(Extracted records)
⟨

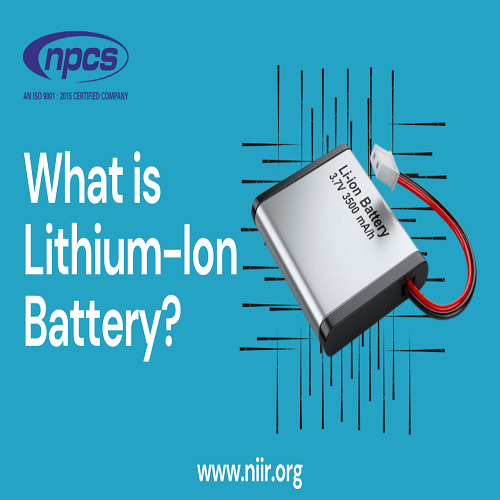 Detailed Project Report on Lithium Ion Battery Manufacturing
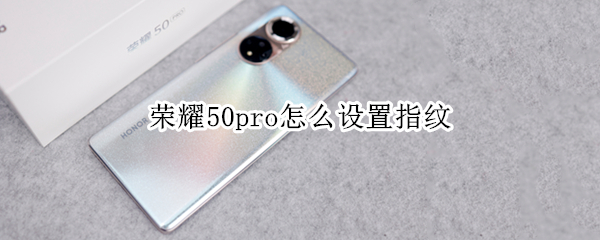 荣耀50pro怎么设置指纹（荣耀50pro怎么设置指纹密码）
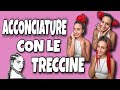 ACCONCIATURE CON LE TRECCINE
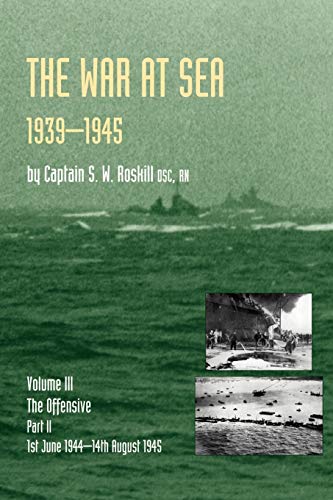 War At Sea 1939-45: Volume III Part 2 The Offensive 1st June 1944-14Th August 1945 Official History Of The Second World War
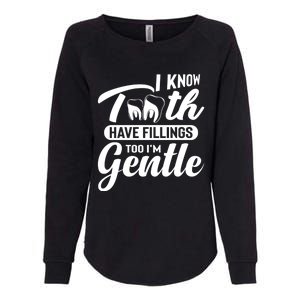 Funny Dentist Gift I Know Tooth Have Fillings Too I'm Gentle Gift Womens California Wash Sweatshirt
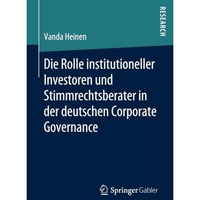 Die Rolle institutioneller Investoren und Stimmrechtsberater in der deutschen Co [Paperback]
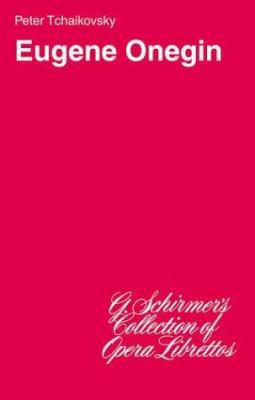 Eugene Onegin: Lyrical Scenes in Three Acts 079357367X Book Cover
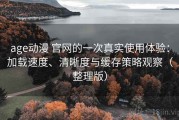 age动漫 官网的一次真实使用体验：加载速度、清晰度与缓存策略观察（整理版）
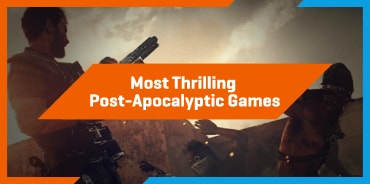Most Thrilling Post-Apocalyptic Games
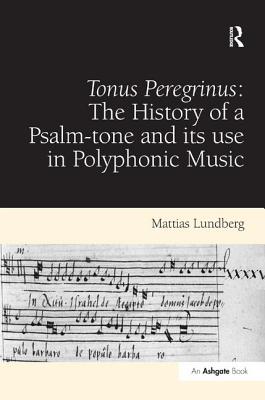 Tonus Peregrinus: The History of a Psalm-tone and its use in Polyphonic Music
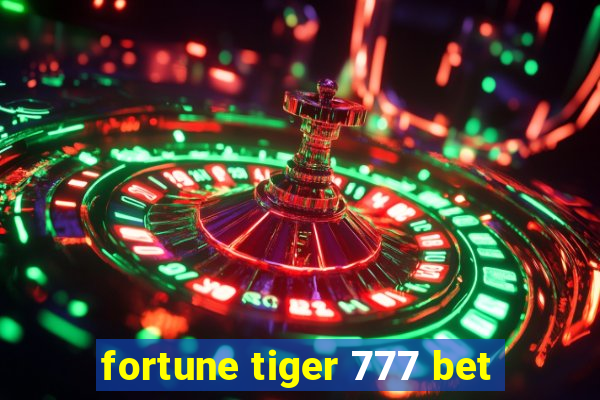 fortune tiger 777 bet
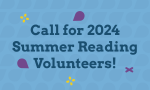 Text that says Call for 2024 Summer Reading Volunteens!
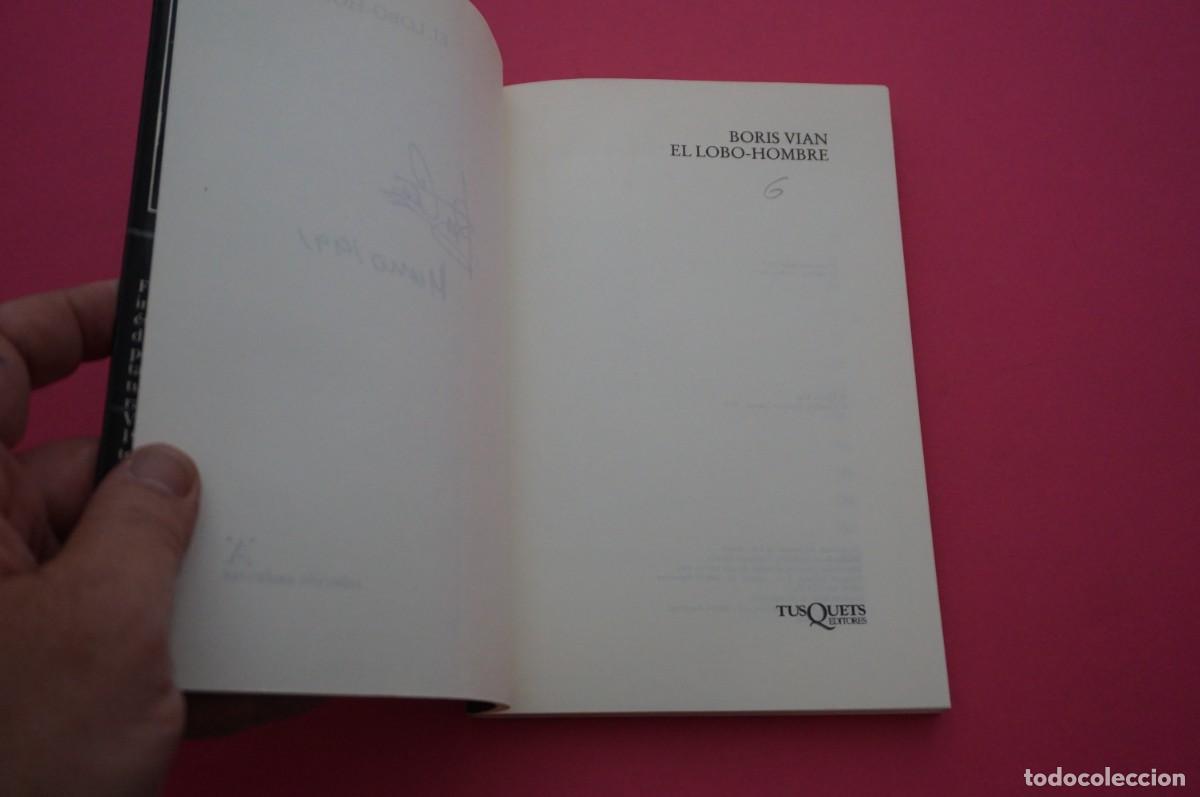 Libros: AMF-18D/ EL LOBO-HOMBRE - BORIS VIAN / TUSQUETS - Foto 2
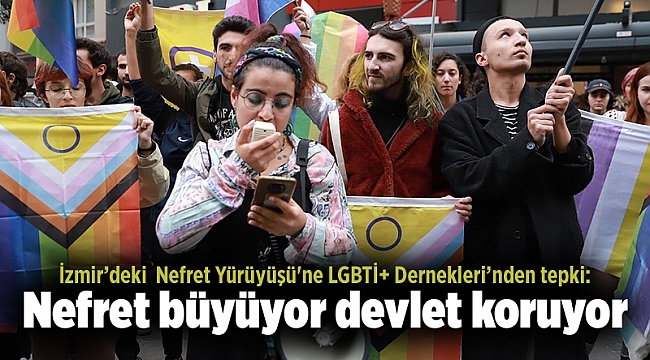 İzmir’deki  Nefret Yürüyüşü'ne LGBTİ+ Dernekleri’nden tepki:  Nefret büyüyor devlet koruyor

⟩

- _To do_
Starting with the first line of the data above, write out each line exactly up to and including the line that holds "Funny Dentist Gift". Pictures stay out.

- _Task result_
 Detailed Project Report on Lithium Ion Battery Manufacturing
 荣耀50pro怎么设置指纹（荣耀50pro怎么设置指纹密码）
 ACCONCIATURE CON LE TRECCINE
 War At Sea 1939-45: Volume III Part 2 The Offensive 1st June 1944-14Th August 1945 Official History Of The Second World War
 Funny Dentist Gift I Know Tooth Have Fillings Too I'm Gentle Gift Womens California Wash Sweatshirt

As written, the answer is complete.